Bigus: Legia kontrolowała mecz
Rafał Bigus: Nie zagrałem w dzisiejszym spotkaniu, bowiem coś się stało, coś mi "chrupnęło" w kolanie i musimy sprawdzić co to jest. Na razie nie wiadomo, co dokładnie się stało, zobaczymy dopiero. Mam nadzieję, że w niedzielę będzie jakieś USG i będę wiedział więcej.
Jak Pan oceni grę kolegów?
- Walczyli, starali się. Było ciężko, Legia zagrała dobrze w pierwszej połowie, szczególnie w szybkim ataku. Dzięki temu zbudowała swoją przewagę i kontrolowała mecz.
Zdołaliście jednak powrócić do gry bo przegrywaliście już dość wysoko, ale przewagę udało Wam się zniwelować.
- Tak, nastroje w szatni podczas przerwy były bojowe, nadal zresztą są bojowe. Dziś mecz przegrany, ale play- offy trwają nadal i będziemy mieć przynajmniej jeden mecz u siebie. Na pewno będziemy dalej walczyć. Trzeba poprawić powrót do ataku i lepiej zastawiać w obronie żeby Legia nie miała tylu zbiorek.
I poprawić skuteczność, ale tego z dnia na dzień raczej nie poprawicie.
- Trzeba po prostu więcej walczyć na boisku i wygrana będzie możliwa.

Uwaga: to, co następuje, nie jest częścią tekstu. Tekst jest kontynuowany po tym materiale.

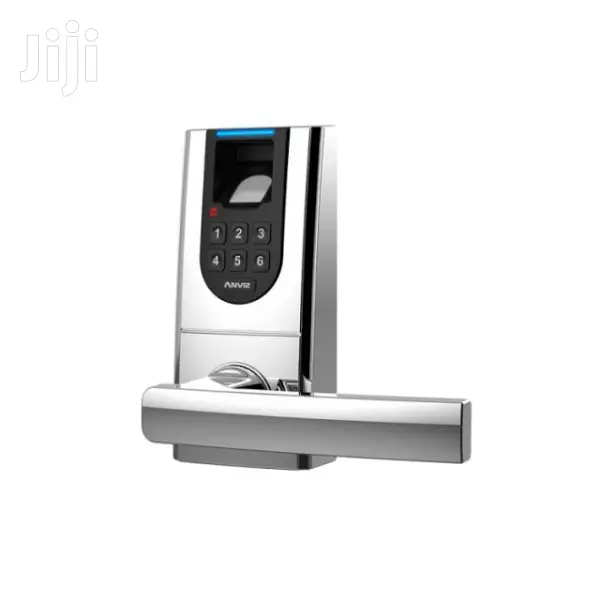 Anviz Fingerprint Lock
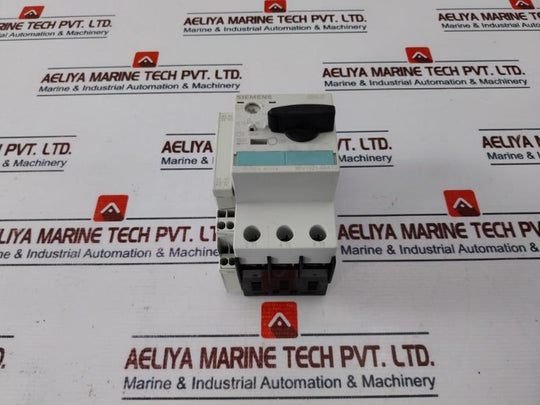 Siemens 3rv1021-4ba10 Circuit Breaker For Motor Protection 14-20a 690v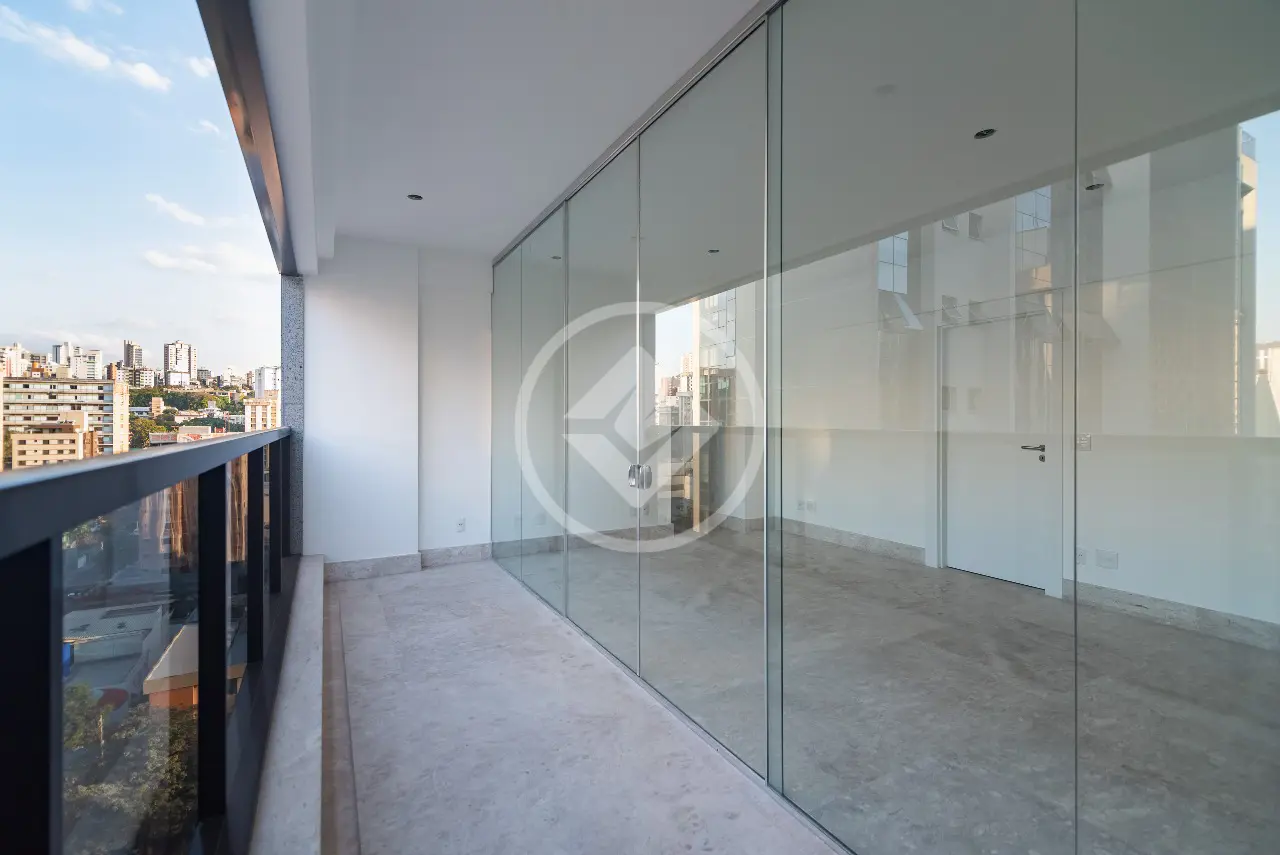 Imagem 3 - Apartamento em LOURDES, Belo Horizonte - MG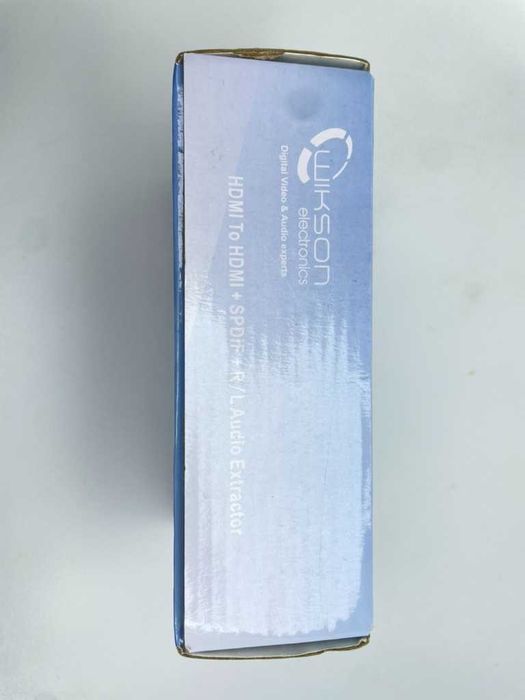 HDMI аудіо конвертер (Audio Extractor) Full HD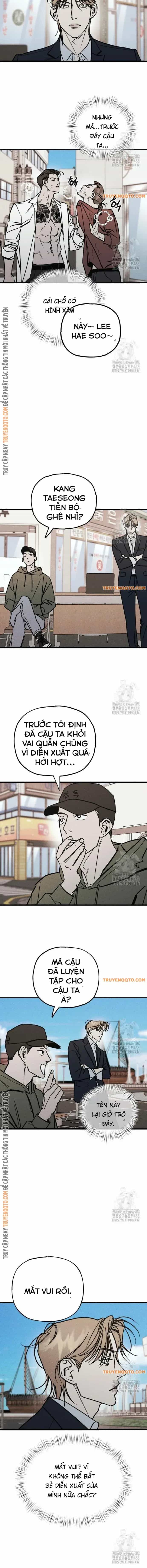 Diễn Viên Gangster - Chương 4 - ảnh 13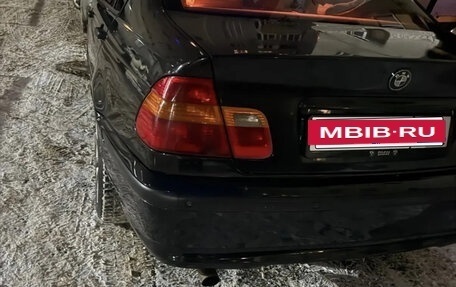 BMW 3 серия, 2002 год, 570 000 рублей, 3 фотография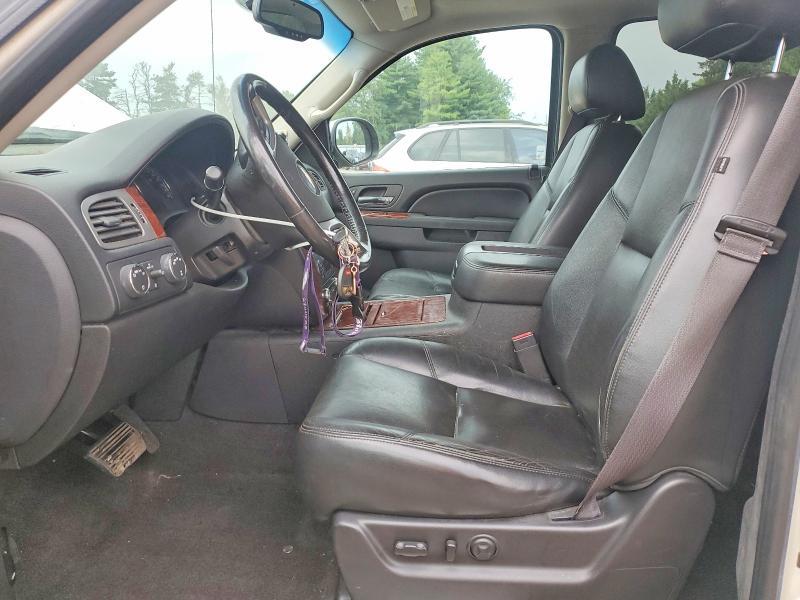 2013 CHEVROLET AVALANCHE LTZ — Фото 7 из 12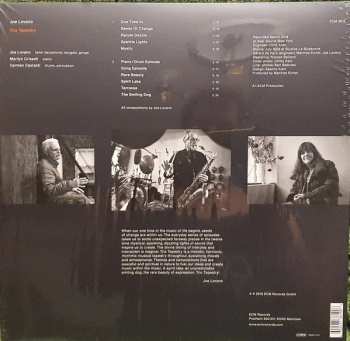LP Joe Lovano: Trio Tapestry 78951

Receptę na dobrą grę Legii znaleźliście i była to obrona strefowa.
- Tak, obrona strefowa przyniosła skutek. Mieliśmy więcej zbiórek w obronie w tamtym momencie, Piotrek Pluta parę razy trafił za trzy. Może jutro zagramy cały mecz strefą, zaskoczymy Legię (śmiech).
Reakcje trenera Krutikowa były dziś bardzo żywiołowe. Trener słynie z dużej ekspresji, ale dziś chyba było to coś więcej niż zwykle?
- On tak reaguje cały czas, także nie ma dla nas w tym nic nowego. Nie jest to też nic strasznego, próbuje podbudować chłopaków na parkiecie, przekazać swoje uwagi i tyle.